Work task =>
Would you retype exactly the lines below, from the one containing "Immagine 11 di" through the end of the entries, both ends included, but not the pictures?

Stored data
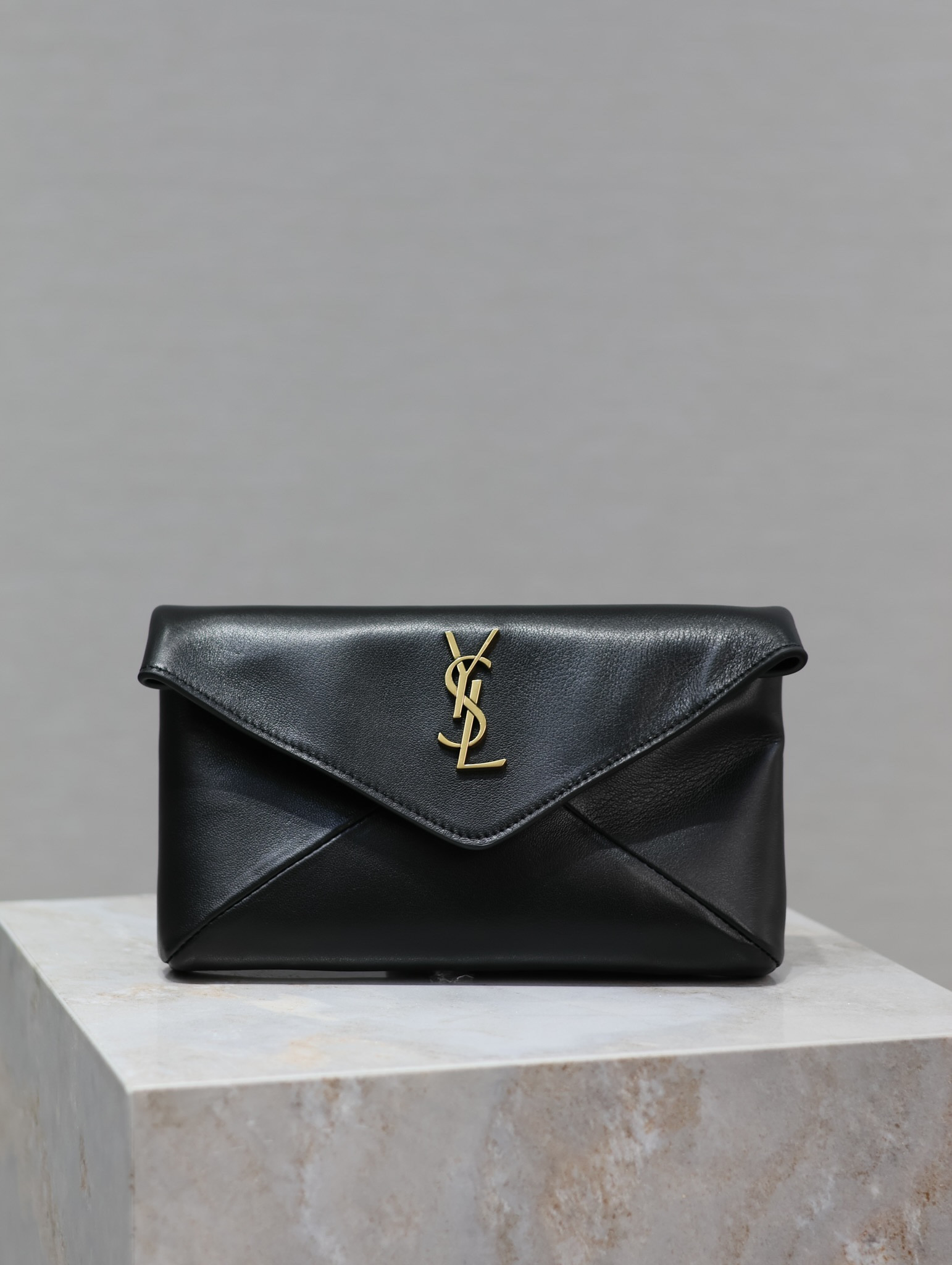 Y*L le pouch-21.4×14×4cm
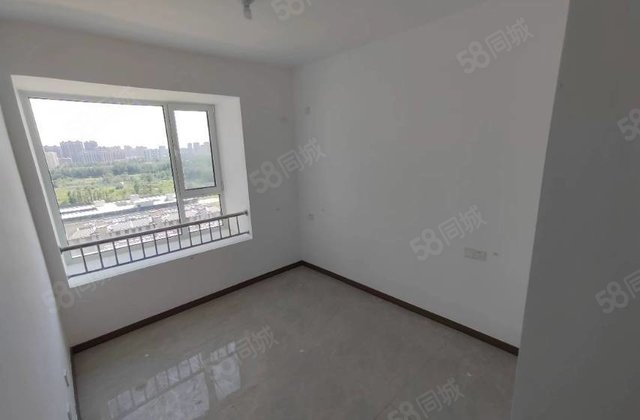 财信水城印象 满五 近医院 电梯房 双卫格局 高楼层采光充足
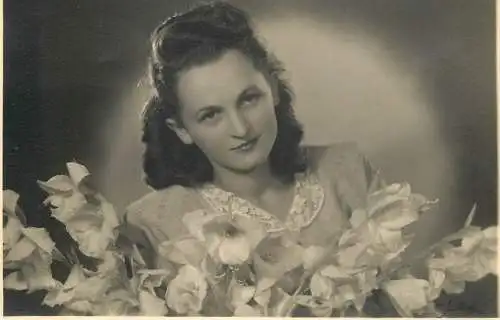 Annonymous persons souvenir photo social history portraits & scenes elegant woman coiffure flowers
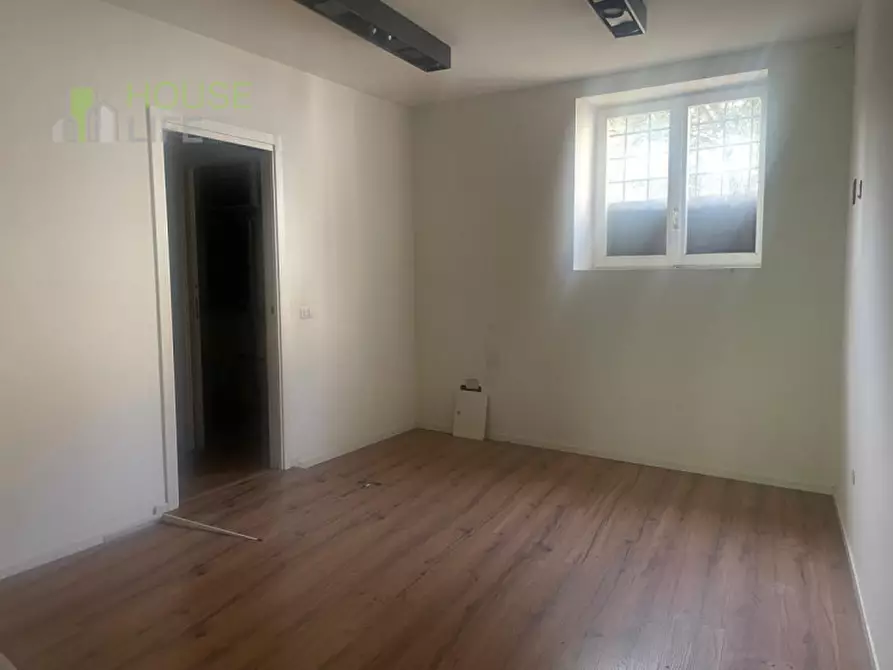 Immagine 11 di Attività commerciale in vendita  in Via Giosuè Carducci a Schio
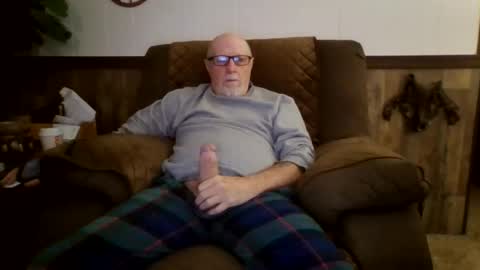 dave571960 online show from 10/19/25, 10:49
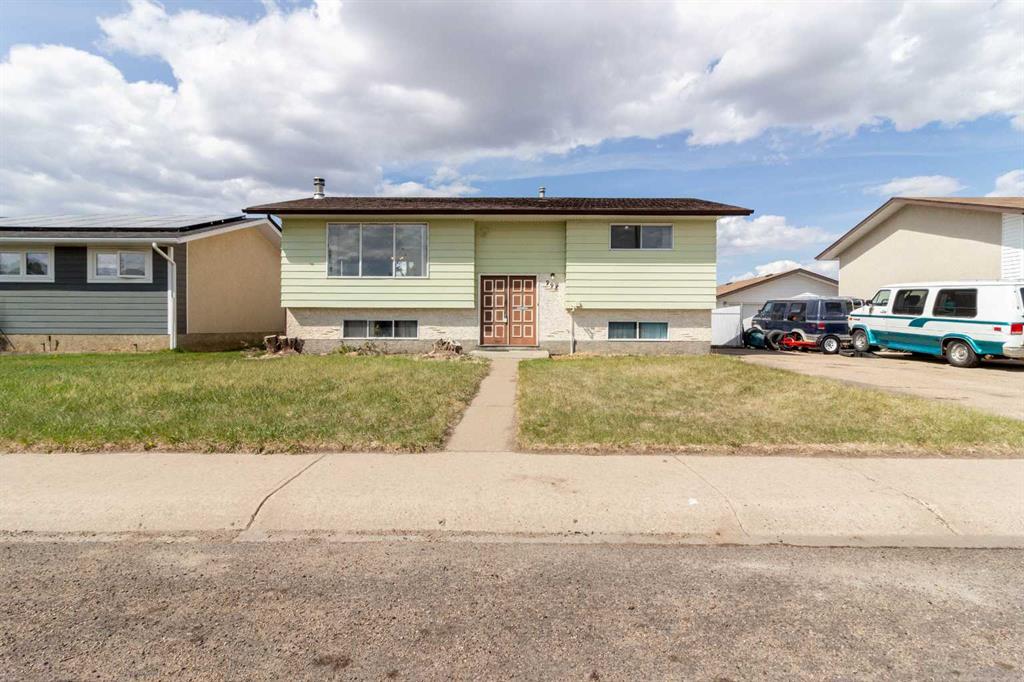 Picture of 998 17 Street NE, Medicine Hat Real Estate Listing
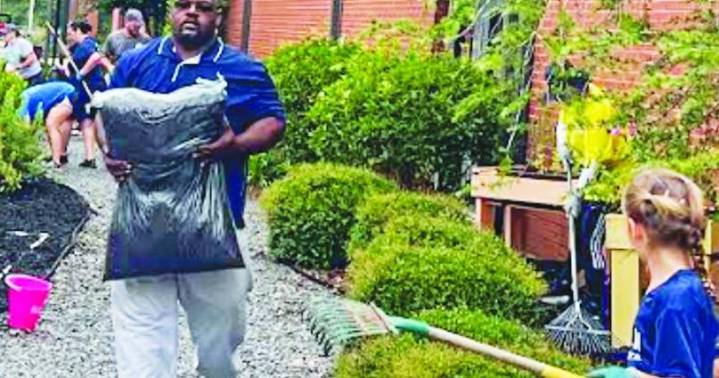 Welch K-Kids and Yamaha volunteers give school garden new life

Result of this exercise =>
 Immagine 11 di Attività commerciale in vendita  in Via Giosuè Carducci a Schio
 dave571960 online show from 10/19/25, 10:49
 Picture of 998 17 Street NE, Medicine Hat Real Estate Listing
 Welch K-Kids and Yamaha volunteers give school garden new life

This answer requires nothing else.